### DATA SUPPLIED
■ ■ ■

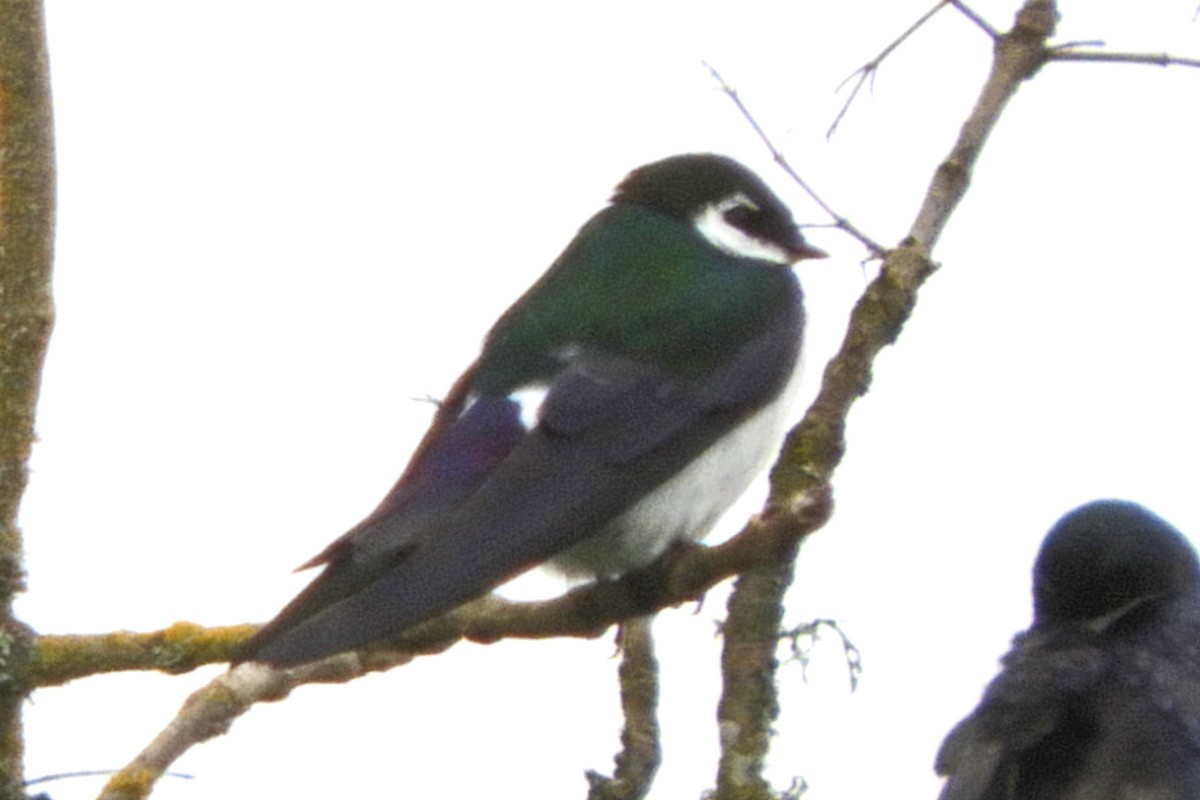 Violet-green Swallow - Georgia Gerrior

■ ■ ■

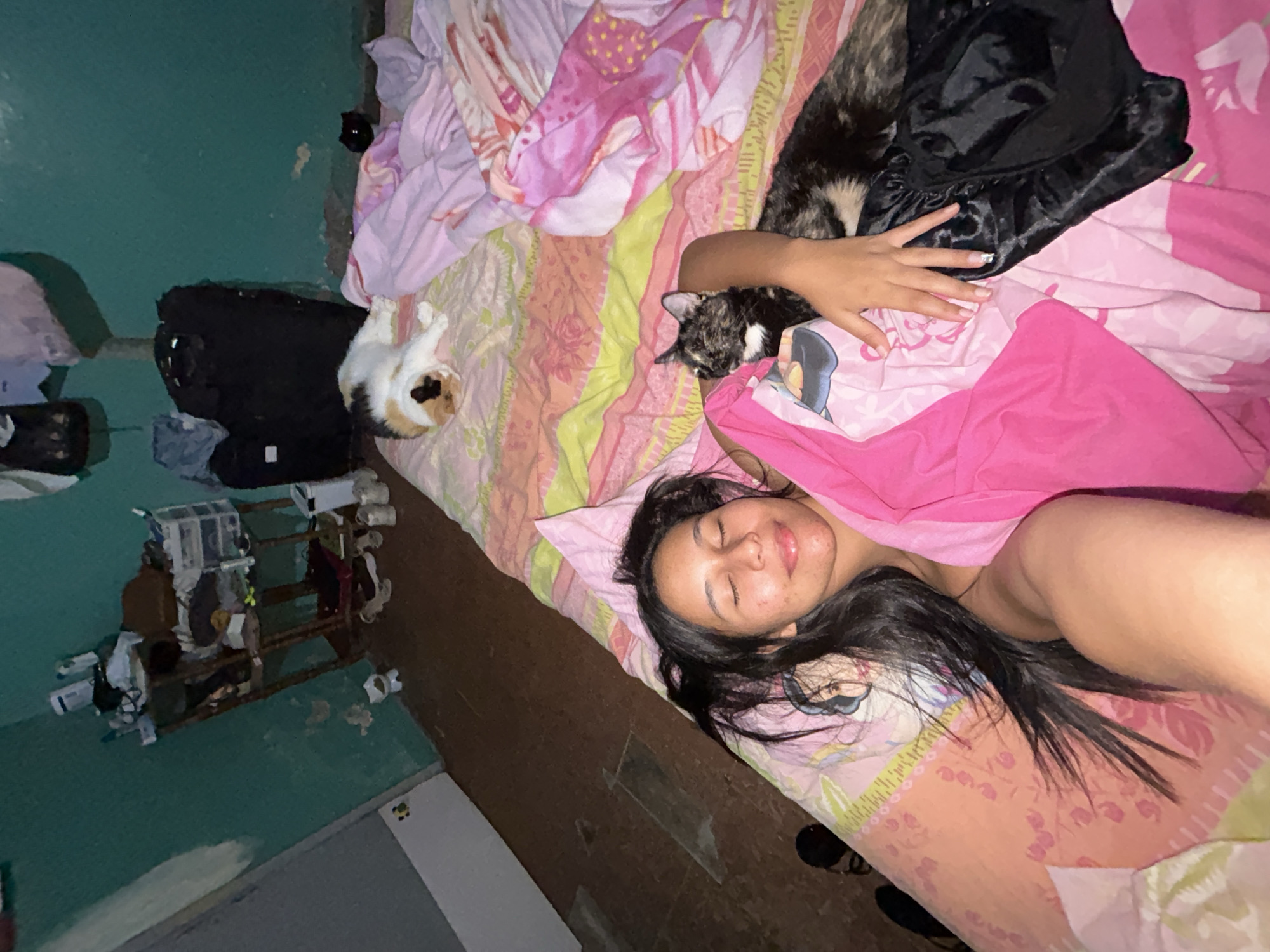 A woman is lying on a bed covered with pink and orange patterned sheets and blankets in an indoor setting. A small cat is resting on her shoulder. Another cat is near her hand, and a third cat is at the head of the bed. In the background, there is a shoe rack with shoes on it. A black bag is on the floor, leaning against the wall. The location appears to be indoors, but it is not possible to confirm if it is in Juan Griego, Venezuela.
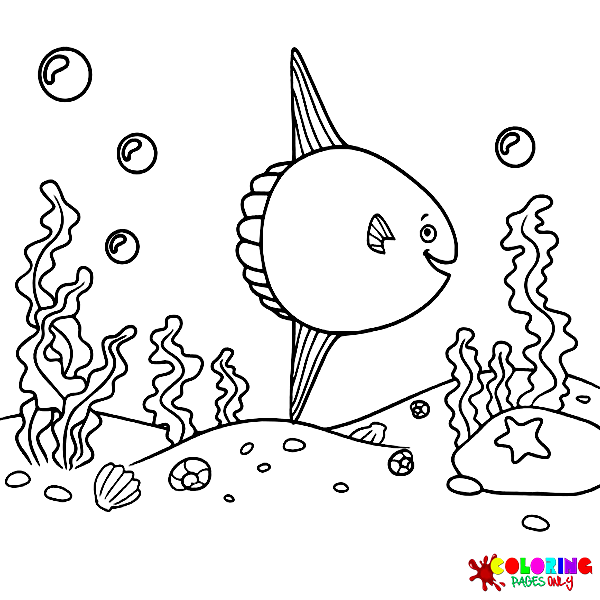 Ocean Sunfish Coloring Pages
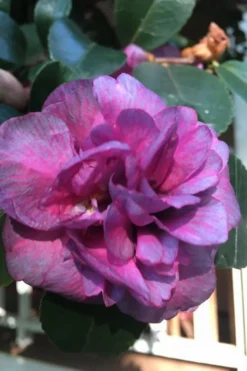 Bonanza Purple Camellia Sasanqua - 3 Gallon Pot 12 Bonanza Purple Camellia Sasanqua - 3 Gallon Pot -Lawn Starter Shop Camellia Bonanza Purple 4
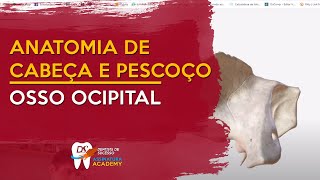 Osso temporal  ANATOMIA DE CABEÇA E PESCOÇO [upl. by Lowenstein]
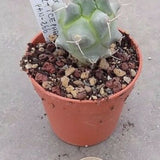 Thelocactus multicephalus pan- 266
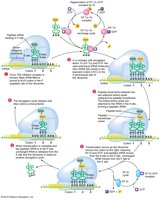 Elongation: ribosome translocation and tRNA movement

■ ■ ■

### TASK STATEMENT
Write out exactly the lines above between the one with "A woman is lying" and the one with "Elongation: ribosome translocation", inclusive, with pictures left out.

### ANSWER BOX
 A woman is lying on a bed covered with pink and orange patterned sheets and blankets in an indoor setting. A small cat is resting on her shoulder. Another cat is near her hand, and a third cat is at the head of the bed. In the background, there is a shoe rack with shoes on it. A black bag is on the floor, leaning against the wall. The location appears to be indoors, but it is not possible to confirm if it is in Juan Griego, Venezuela.
 Ocean Sunfish Coloring Pages
 Bonanza Purple Camellia Sasanqua - 3 Gallon Pot 12 Bonanza Purple Camellia Sasanqua - 3 Gallon Pot -Lawn Starter Shop Camellia Bonanza Purple 4
 Osso temporal  ANATOMIA DE CABEÇA E PESCOÇO [upl. by Lowenstein]
 Thelocactus multicephalus pan- 266
 Elongation: ribosome translocation and tRNA movement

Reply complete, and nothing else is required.